(Saved entries)
BEGIN

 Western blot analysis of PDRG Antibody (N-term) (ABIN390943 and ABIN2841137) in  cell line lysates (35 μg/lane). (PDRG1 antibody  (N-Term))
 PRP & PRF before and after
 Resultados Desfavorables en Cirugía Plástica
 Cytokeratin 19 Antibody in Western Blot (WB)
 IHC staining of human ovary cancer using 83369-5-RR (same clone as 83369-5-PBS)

END

- **Task to complete**: Go through the records above and copy each line where "Western" is found.

- **Result**:
 Western blot analysis of PDRG Antibody (N-term) (ABIN390943 and ABIN2841137) in  cell line lysates (35 μg/lane). (PDRG1 antibody  (N-Term))
 Cytokeratin 19 Antibody in Western Blot (WB)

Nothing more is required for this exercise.